[Scraped caption text data]
▬▬▬▬▬▬▬▬▬▬
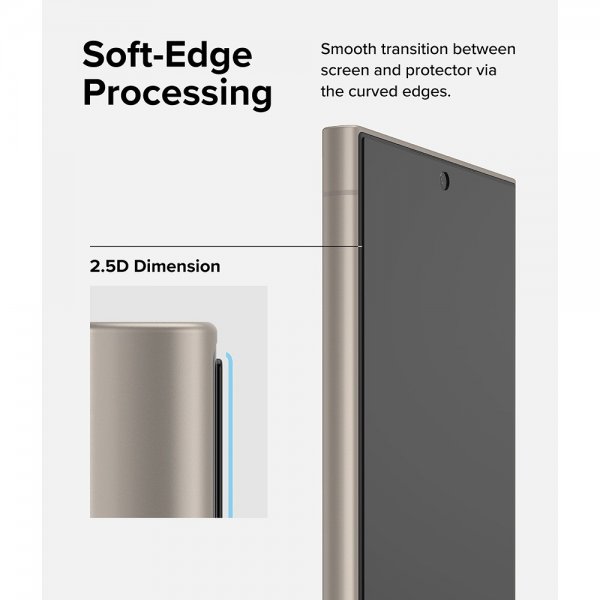 Ringke Samsung Galaxy S24 Ultra Skærmbeskytter Easy Slide Privacy 2-pak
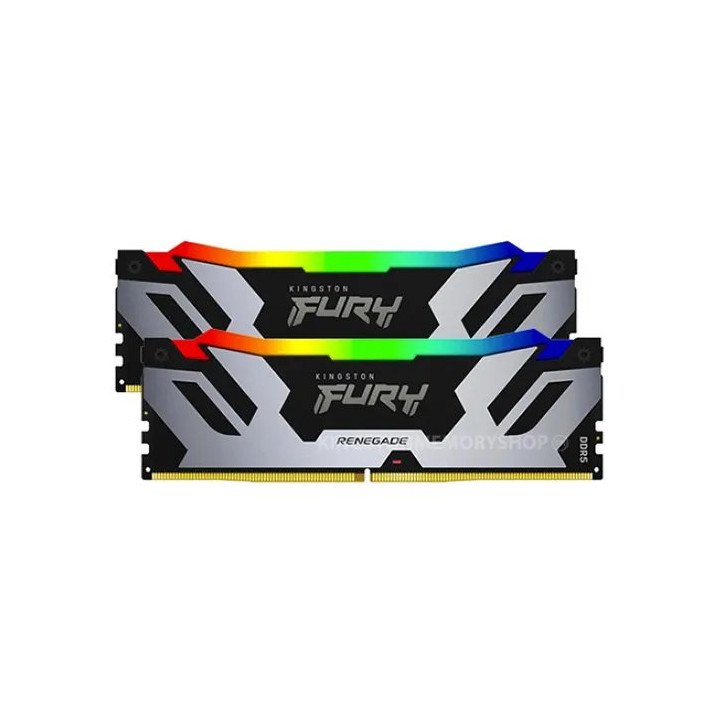 זכרון למחשב Kingston Fury Renegade RGB DDR5 6000MHz 2x48GB KF560C32RSA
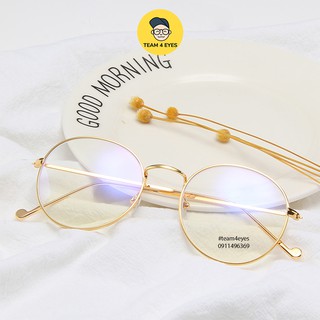 [ Ảnh thật] Kính gọng tròn siêu nhẹ gọng hợp kim không gỉ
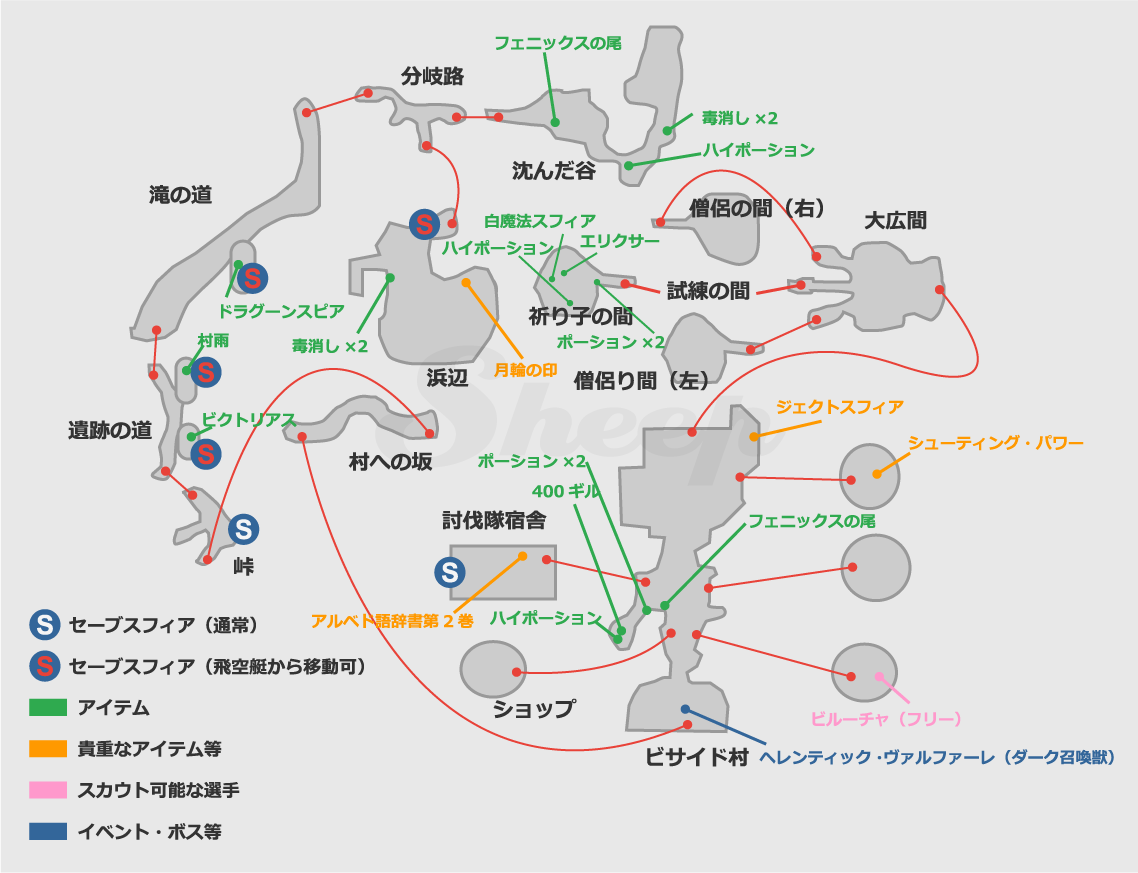 地域制覇 捕獲対象モンスター Ff10攻略 Sheep Hdリマスター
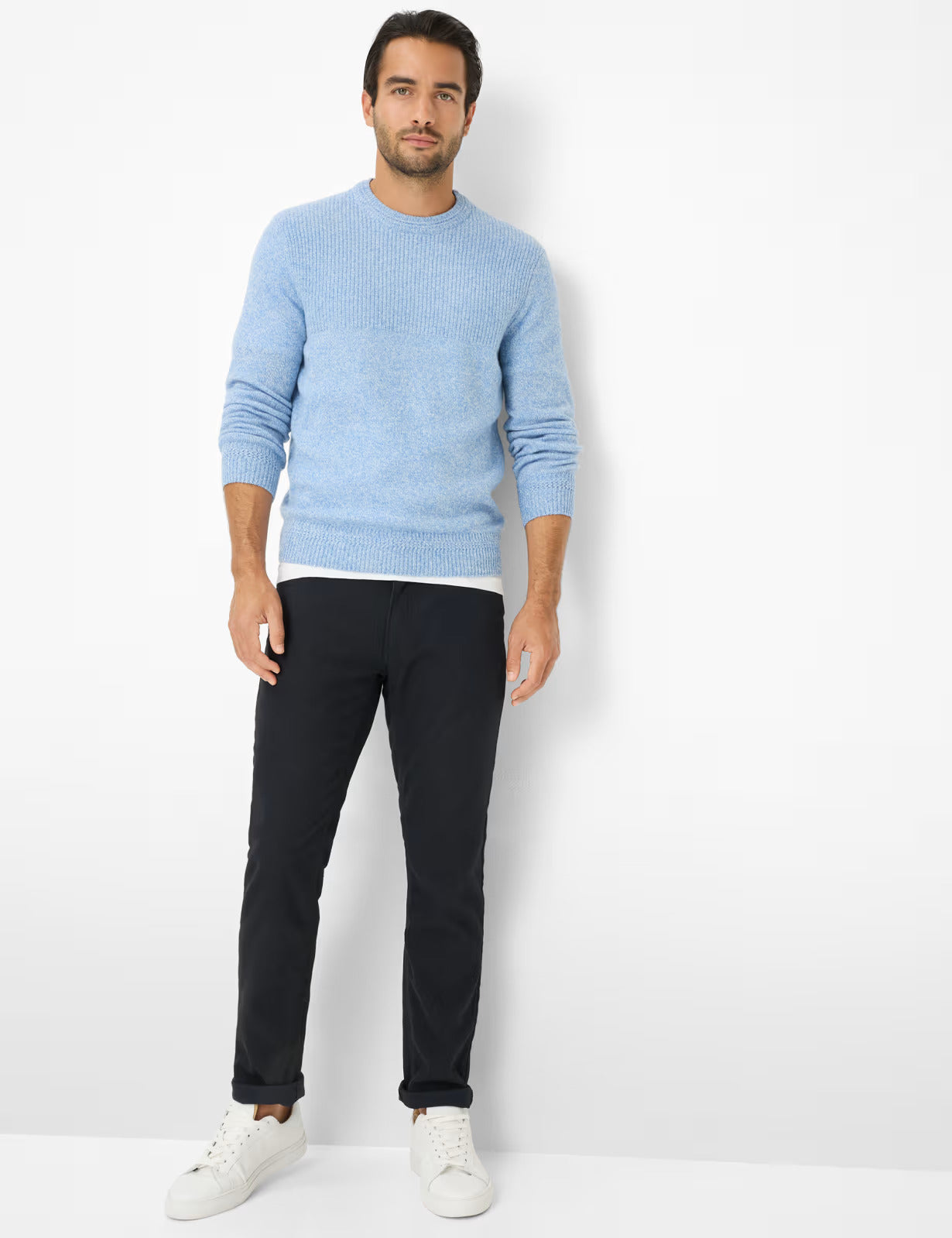 圓領長袖針織套頭衫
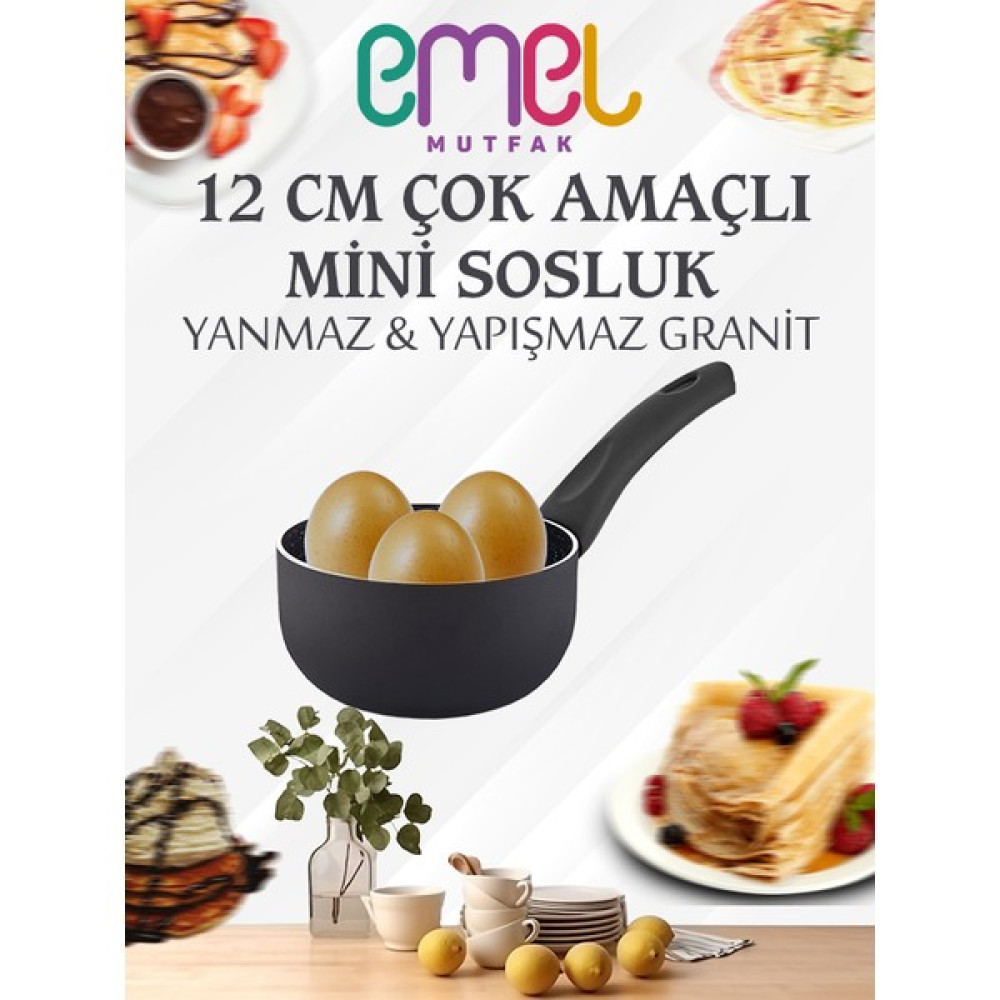 EMEL 12 cm Mini Sos Tavası - Mat Siyah Tavalar Fiyatı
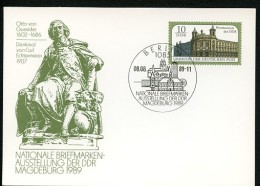 DDR P103 Postkarte OTTO VON GUERICKE Sost. 1989 Kat. 3,50 € - Postcards - Used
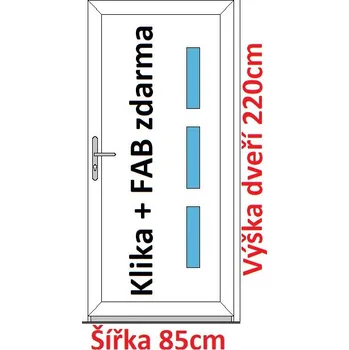 Vchodové dveře Vchodové plastové dveře Soft Julie 85x220 cm - Akce!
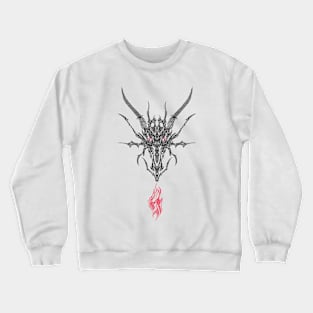 Danger white dragon Crewneck Sweatshirt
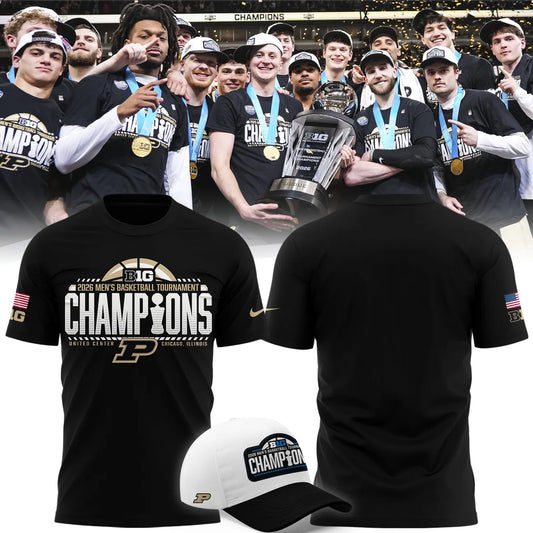 Purdue Men's Basketball 2026 Big Ten Tournament Champions T Shirt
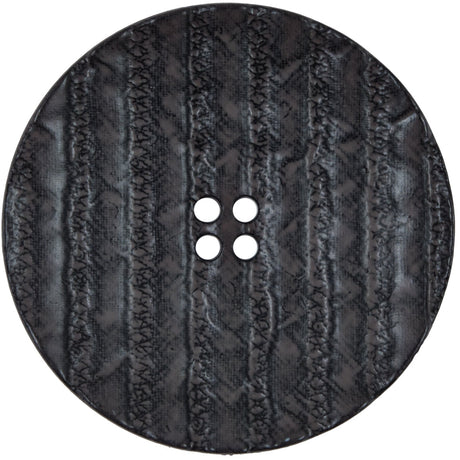 Italian Black Textured 4-Hole Button - 80L/50.8mm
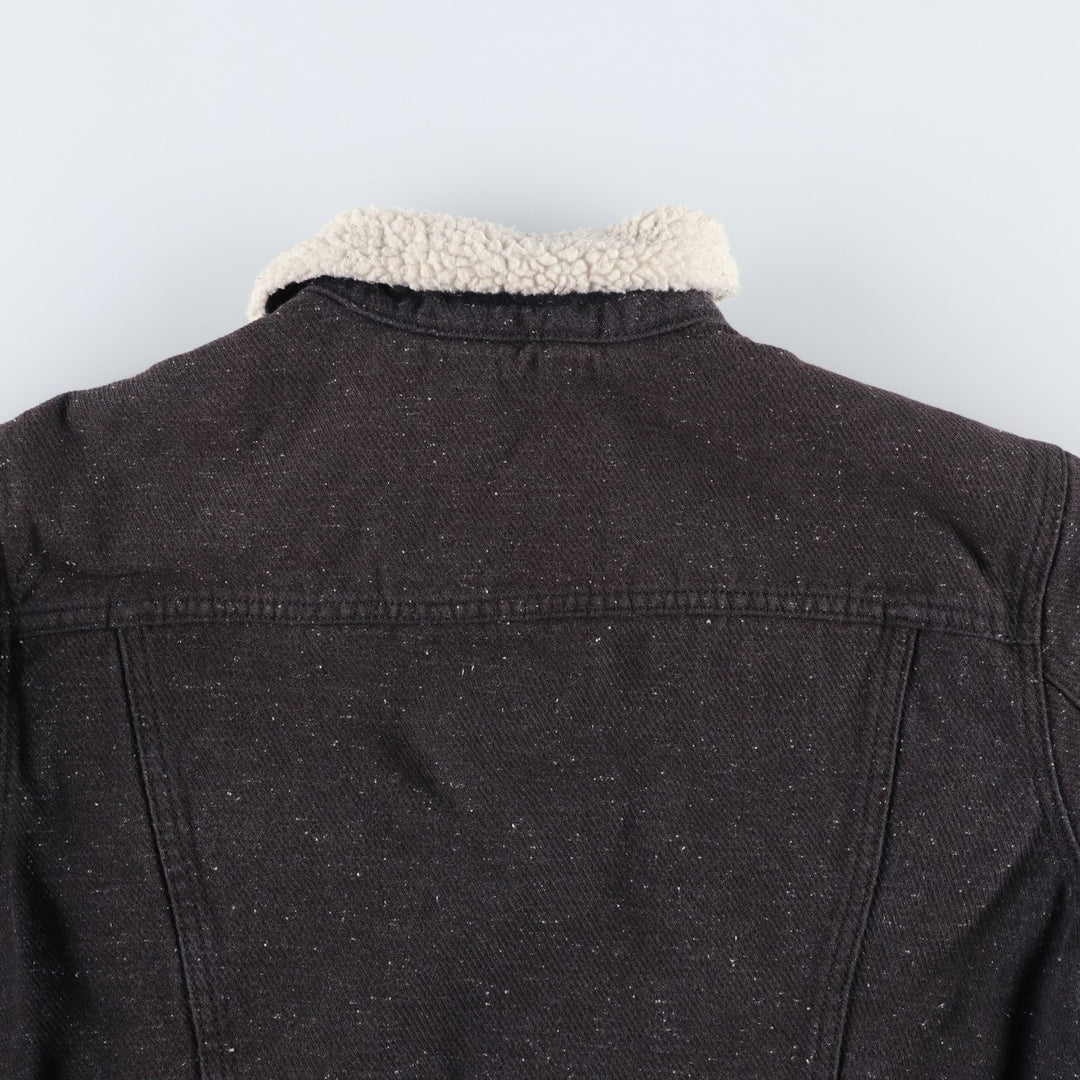 Levi's padded denim jacket, size M, men's cotton black type Vintage Second Hand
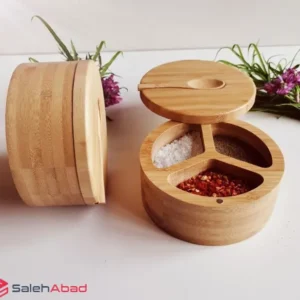 فروش عمده جا ادویه چوبی گرد درب مگنتی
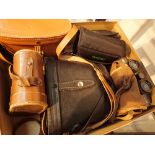 Mixed binoculars to include Miranda 10 x 25 Opticron Taiga 8 x 25 Hilka 8 x 30 Sunagor 8 x 21 and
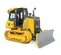 Bouteur John Deere jaune 110 CH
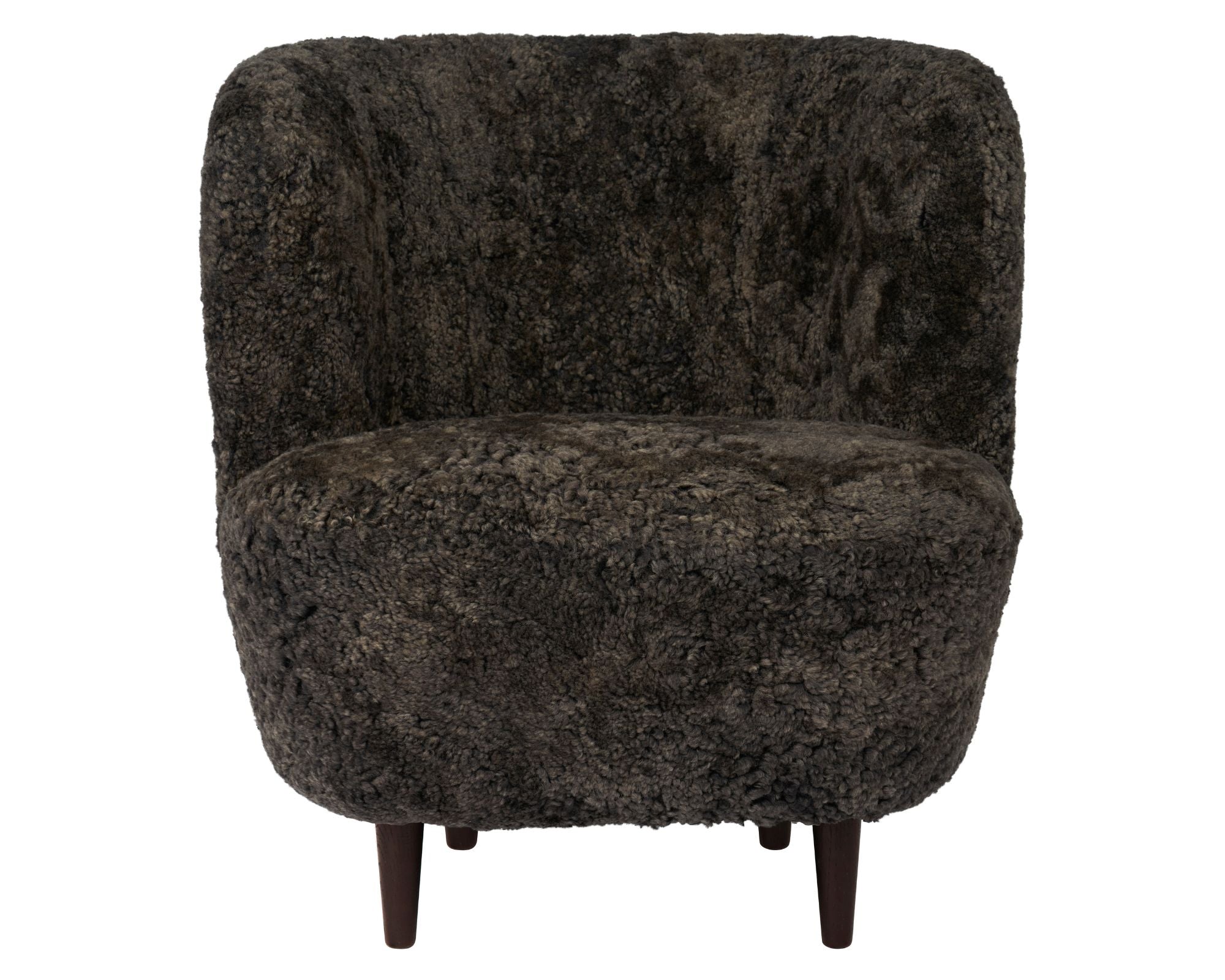 Stay Lounge Chair - Wood Base - Sheepskin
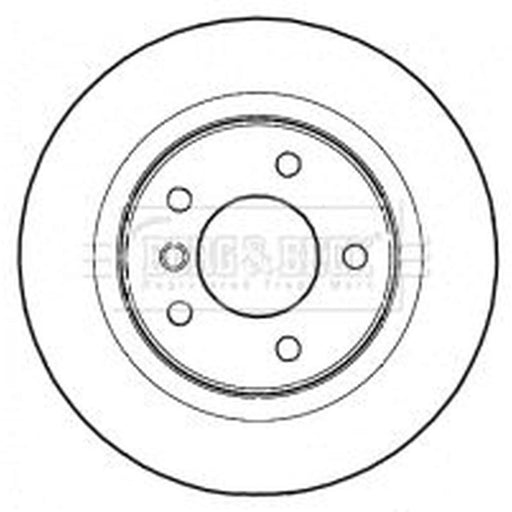 Borg & Beck 2 x Solid Rear Brake Discs BBD4466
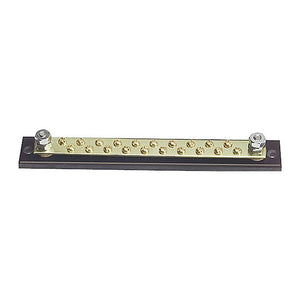 Bus-bar electric terminal board 20 x 4 mm - foto originale Osculati Srl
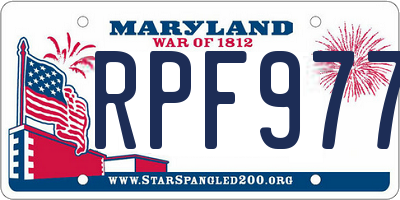 MD license plate RPF9773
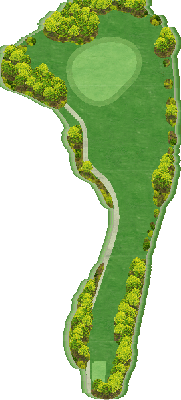 ＨＩＢＡＲＩ ＧＯＬＦ（旧 雲雀丘ゴルフ倶楽部） IN1番ホール コース図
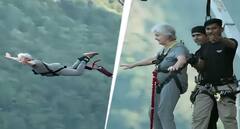 82 ਸਾਲਾ ਦੀ ਔਰਤ ਨੇ ਬੇਖੌਫ਼ ਹੋ ਕੇ ਕੀਤੀ ਬੰਜੀ ਜੰਪਿੰਗ, 117 ਮੀਟਰ ਦੀ ਉਚਾਈ ਤੋਂ ਮਾਰੀ ਛਾਲ, ਹਰ ਕੋਈ ਹਿੰਮਤ ਦੀ ਕਰ ਰਿਹਾ ਤਾਰੀਫ਼, ਦੇਖੋ ਵੀਡੀਓ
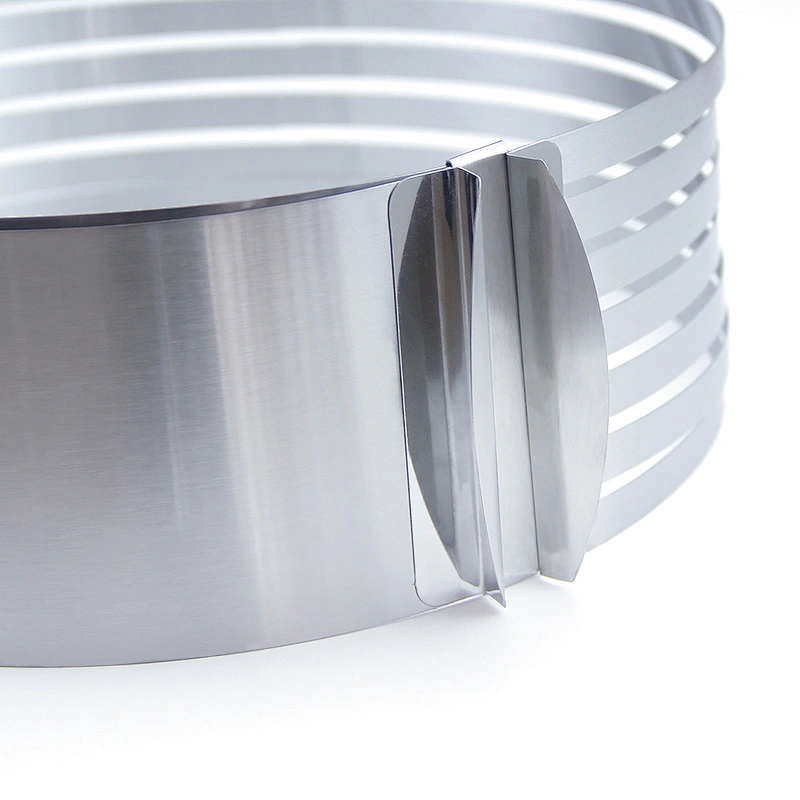 Hot sales christmas food grade stainless steel 7 layers adjustable cake mold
▬▬▬▬▬▬▬▬▬▬
§ **Work request**
Only the lines from the first line of the entries through the line containing "DDR P103 Postkarte" should be output, exactly as they are, without pictures.

§ **Your response**
 Ringke Samsung Galaxy S24 Ultra Skærmbeskytter Easy Slide Privacy 2-pak
 זכרון למחשב Kingston Fury Renegade RGB DDR5 6000MHz 2x48GB KF560C32RSA
 [ Ảnh thật] Kính gọng tròn siêu nhẹ gọng hợp kim không gỉ
 地域制覇 捕獲対象モンスター Ff10攻略 Sheep Hdリマスター
 圓領長袖針織套頭衫
 EMEL 12 cm Mini Sos Tavası - Mat Siyah Tavalar Fiyatı
 DDR P103 Postkarte OTTO VON GUERICKE Sost. 1989 Kat. 3,50 € - Postcards - Used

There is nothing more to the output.